Between 2007 and 2011, 34,317 patients underwent TAVR, with 45.9 percent of cases performed in Germany. Italy and France had the second and third highest rates, at 14.9 percent and 12.9 percent. The number of annual implants grew from 455 in 2007 to 14,946 in 2011 and the number of implanting centers rose from 37 to 342.

France had the highest annual increase in procedural volume (61 percent) and Ireland the lowest (minus 15 percent), followed by Portugal (minus 3 percent). Portugal also chalked up the lowest number of TAVR implants per million in population (6.1) compared with Germany, the highest, at 88.7.

Mylotte et al determined that were 28,400 living TAVR recipients and 158,371 potential candidates, for a weighted average penetration rate of 17.9 percent in 2011. Germany achieved the highest penetration rate, at 36.2 percent, and Portugal the lowest, at 3.4 percent.

Germany, France, Switzerland and Denmark offered complete reimbursement (although its introduction year varied) while the U.K., Spain, the Netherlands, Belgium, Portugal and Ireland had constrained reimbursement.
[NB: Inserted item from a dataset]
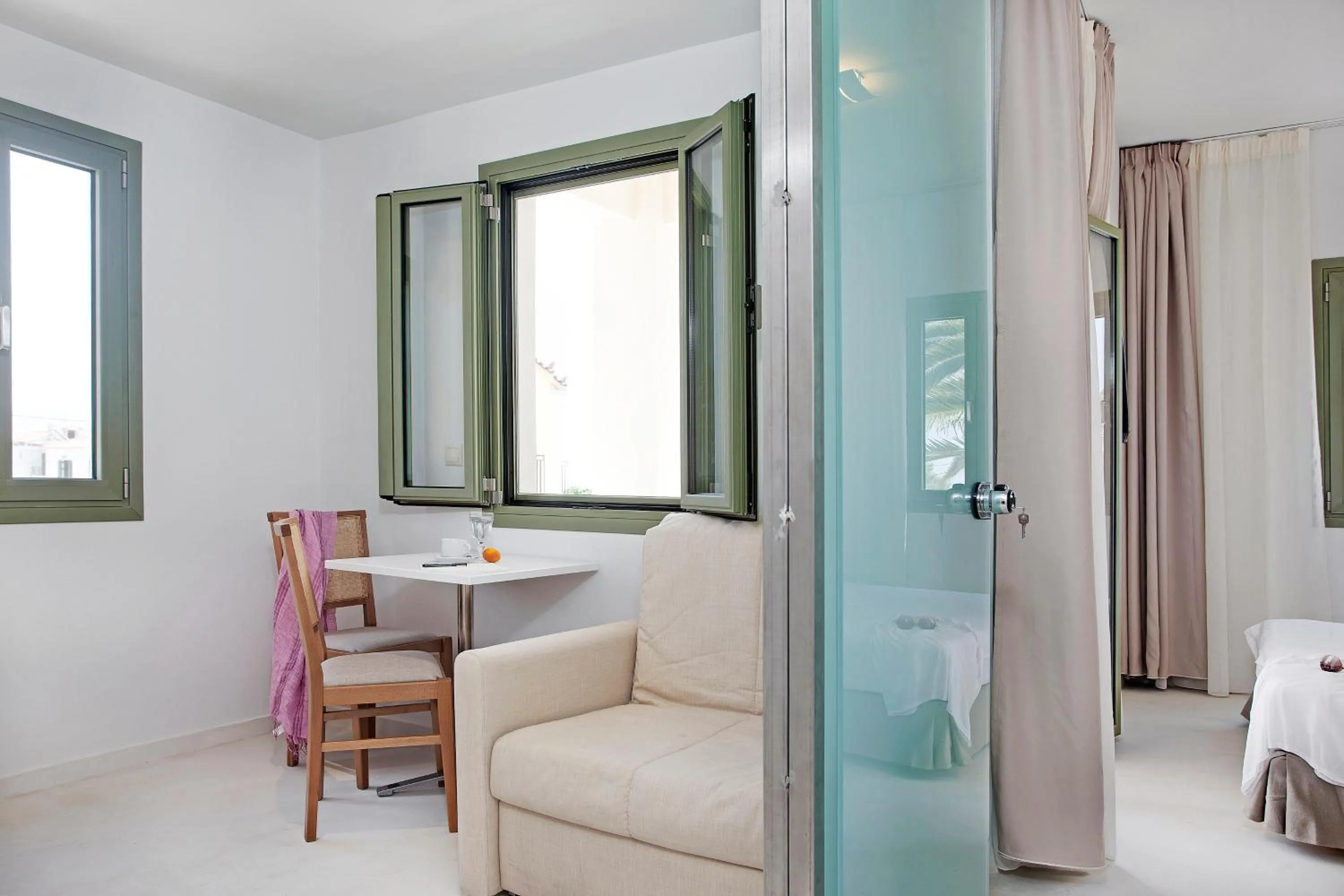 Junior Suite in Aphrodite Samos Suites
They excluded Italy from the reimbursement analysis because reimbursement systems varied by province.

Reimbursement strategy impacted utilization. Systems where TAVR procedures were reimbursed through a therapy-specific national diagnosis-related group tariff had three times the number of procedures per million for those 75 years old or older and more than two times as many implants per center than constrained systems.  

Mylotte et al pointed out that countries battered by economic troubles such as Portugal, Spain and Ireland showed the lowest implantation rates. Variability in TAVR use may reveal gaps in care; they recommended that industry step up and provide additional support to facilitate adoption. They underscored the role of reimbursement and funding on the adoption of new technologies, and wrote that the 17.9 percent penetration rate suggests TVAR is underutilized.

“The adoption of new technology can be a slow process. It requires a threshold of hard clinical evidence, device iteration, physician training, clinical and financial planning,” Mylotte and colleagues wrote. “Moreover, the cultural change required to embrace new therapies often evolves gradually. Given the therapeutic benefit associated with TAVR in inoperable patients (number needed to treat = 5), the demonstrable cost-effectiveness in both excessive and high-risk cohorts, and the less invasive nature of TAVR procedures, the protracted uptake of TAVR technology may have negative consequences for patients, physicians, and administrators.”

They wrote that registry data should be considered estimates that may underestimate TAVR use and likely included patients treated off-label.